Гуго наклонил голову, и Робер ладонью правой руки так сильно ударил его по затылку, что юноша едва удержался на ногах. Но все-таки удержался. А Робер обнял его и поцеловал со словами:

– Будь рыцарем! Доблестно рази врагов!

Снова громко запели трубы, и та же церемония повторилась с Жераром де Френуа, его тоже одевали в доспехи родные, а в рыцари посвящал его сюзерен Робер д’Артуа.

И вот, наконец, настала очередь Рено. Снова трубы устремились в небо, и ветер заиграл их вымпелами. Как же оглушительно они зазвучали! Рено спустился по ступеням вниз и направился к ковру, но сердце у него сжимала тревога – кто ему, сироте без единой родной души на свете, наденет золотые шпоры? Перед глазами у него все смешалось, и он не мог различить в толпе ни одного лица. Вот он остановился на середине ковра, преклонил колено и низко поклонился королю. Наступила тишина. По знаку Людовика Рено поднялся на ноги и увидел, что все вокруг повернулись, глядя на того, кто к нему направлялся. Рено тоже повернул голову и не поверил своим глазам – окруженный оруженосцами, несущими доспехи для юноши, с красной подушкой в руках, на которой весело поблескивали золотые шпоры, к нему подходил Пьер де Куртене, знатный высокомерный барон. Уж о нем-то Рено точно знал, что тот его ненавидит и презирает.

Секунду мужчины стояли друг напротив друга, пристально смотря глаза в глаза. Пьер де Куртене, растянув губы в улыбке, произнес:

– Вы спасли короля, нашего господина, и заслужили честь носить наше имя и наш герб. Поэтому я взял на себя ваше вооружение. Поступайте в дальнейшем так, чтобы мне не пришлось пожалеть об этом.
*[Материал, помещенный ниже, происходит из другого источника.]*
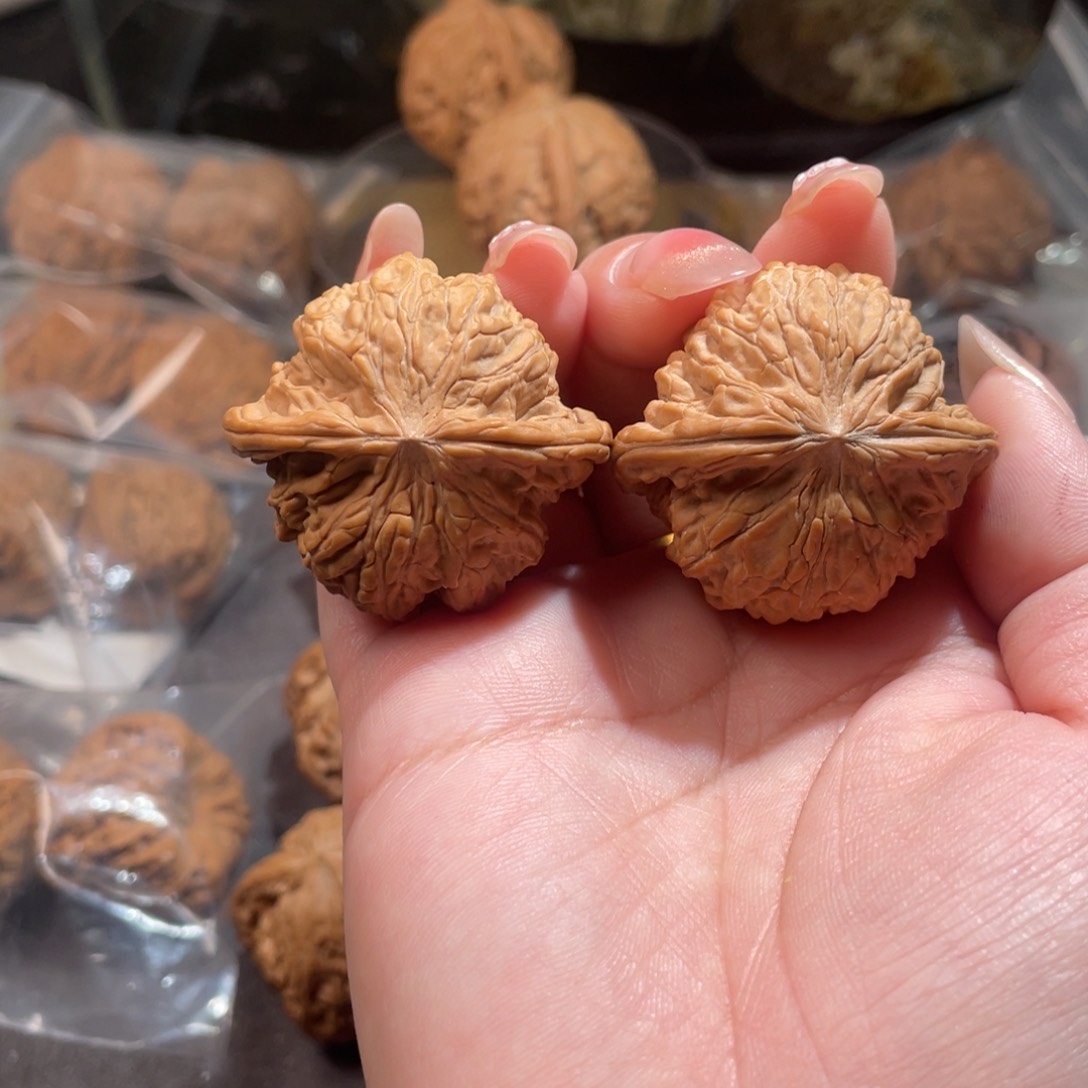 文玩核桃吊坠39磨盘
Говорил сир Пьер без малейшей приязни, и Рено понял, что нежданная признательность барона вызвана приказом короля. А сам он не считал нужным забывать, что подлинный глава их рода, император Бодуэн, уже принял его и оказал поддержку, и поэтому ответ его прозвучал весьма сдержанно. Он сказал:

– Памятью моих прославленных предков клянусь не предавать тех, кто оказал мне доверие… даже против своей воли.
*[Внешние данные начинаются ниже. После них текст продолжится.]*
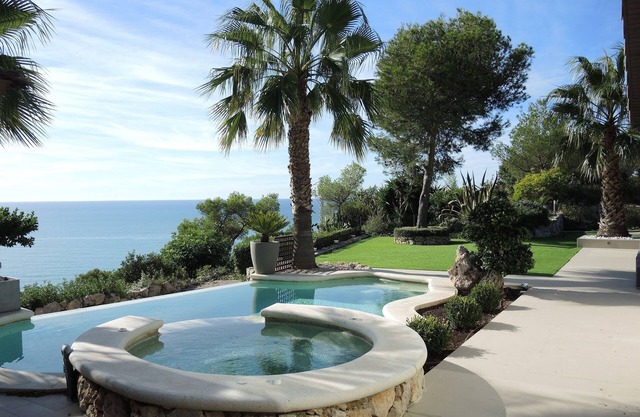 Villa Vista, Breathtaking Sea Views, Stylish garden , Peaceful Location ,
Последние слова он произнес так тихо, чтобы слышны они были только одному барону де Куртене.

– Я рад, что мы понимаем друг друга, – так же тихо ответил барон.

Оруженосцы барона облачили Рено в новые блестящие доспехи, а барон де Куртене собственноручно надел на него золотые шпоры.

– Желаю, чтобы никто не снял их с вас за бесчестье, – шепнул ему барон, поднимаясь, и Рено на этот раз ограничился презрительной улыбкой.

Настал долгожданный миг. Людовик IX покинул трон и направился к тому, кто с трепетом и волнением ждал мановения его руки.

– Меч вам дарит наша мать, а ваша королева, – сказал король мягко. – В рукояти его спрятана частичка плаща святого Мартина, который являет собой образец рыцарского поведения. Применяйте свой меч по назначению, Рено де Куртене. Позаботьтесь о том, чтобы кровь, которую он будет проливать, всегда была кровью врага нашего Господа или королевства. И никогда кровью невинного!

Горло у Рено перехватило от волнения, говорить он не мог и только с благоговением поцеловал вместилище святыни, сделанное из горного хрусталя и вставленное в завершение рукояти. Он прикрыл глаза, чтобы сдержать подступившие слезы, в то время как король своими собственными руками опоясывал его мечом. По всему телу Рено прошла дрожь, когда бедро его ощутило тяжесть и близость меча. Затем он встал на колени, чтобы получить посвящение в виде удара, напряг все свои мускулы, но про себя невольно подумал, что худой руке Его Величества не сравниться по силе с могучей рукой его брата. И получил удар, способный свалить быка, но все же устоял на коленях, и поднял на Людовика взгляд, в котором сквозило такое изумление, что в голубых глазах Его Величества запрыгали смешливые искорки.

– Будь рыцарем, – сказал король и поцеловал Рено. – И пусть рука у тебя будет такой же твердой, как ты сам.